Abstract

ABSTRACT Inadequate on-campus student accommodation in Sub-Saharan higher educational institutions triggered the need for private sector intervention in the off-campus student private housing (SPH) delivery within university communities. This paper examines students’ experiences of off-campus accommodation in terms of satisfaction indicators and driving factors in a vulnerable university’s communities in South-southern Nigeria. The paper drew upon a sequential exploratory mixed method, comprising semi-structured interviews and a questionnaire survey. The paper explored interconnectivity of satisfaction indicators and factors within the threshold of building’s physical attributes, community-related attributes, contract-related covenants, academic and social environment capability, through CAQDAS; Atlas.ti. The paper found disproportionate students’ satisfaction level within the filtered elements and scored the overall satisfaction low.
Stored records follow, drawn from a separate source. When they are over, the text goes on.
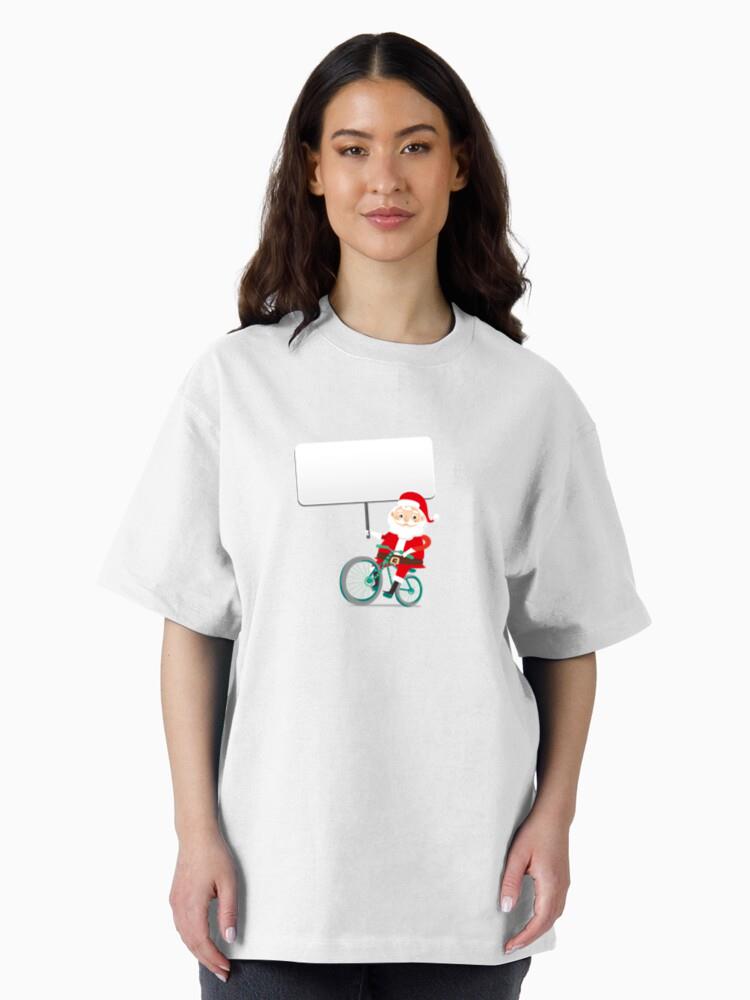 Santa Holding Banner On Bike T-Shirt - Image 3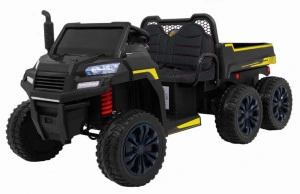 Masinuta Electrica cu acumulator pentru copii NOVOKIDS™ Farmer Beast Buggy, 6 roti, 2 locuri, Cu remorca si faruri luminoase, Roti din Cauciuc EVA, 3-12 ani, max 60 kg, 24V, Lungime 151 cm, Negru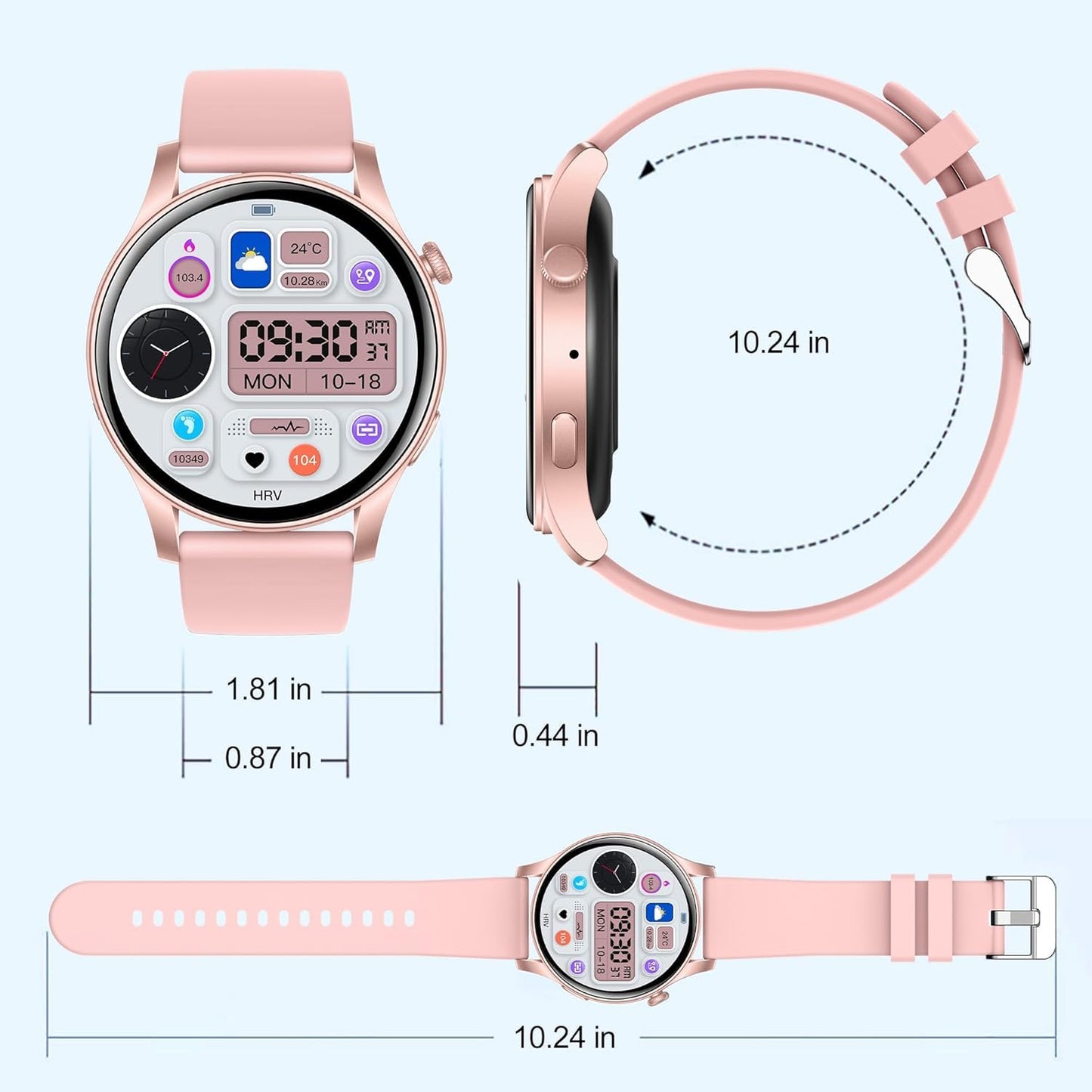 Smart Watch (Answer/Make Calls), Ultra Thin 1.43’’ AMOLED Smart Watches for Men Women, 100+ Sport Modes Fitness Tracker with Blood Oxygen/Heart Rate Monitor, IP68, Android IOS(with 2 bands)(Pink)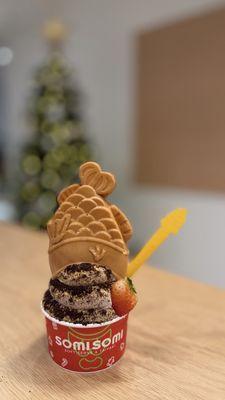 Upside Down Ahboong Nutella Ube Banana Swirl with Graham Cracker & Oreo Crumbs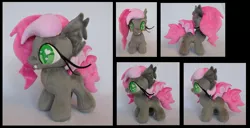 Size: 2689x1373 | Tagged: safe, artist:fireflytwinkletoes, derpibooru import, oc, oc:heartbeat, unofficial characters only, bat pony, pony, blank flank, fangs, filly, heart eyes, irl, photo, plushie, solo, wingding eyes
Methodologically, a convergence of results pointing to the factors for improving physical, locational, landlord commitment to tenancy agreement on services and management, and flexible regulation of students’ social activities, from the two approaches, was observed. Variation surfaces from the individual rating of each indicator and the driving factors. Five distinct recommendations emerged; policy on planning, environment, and building regulations compliance, reform on SPH governance, stakeholders democracy, parent’ involvement in off-campus governance, and a committee on private housing accreditation in the university communities.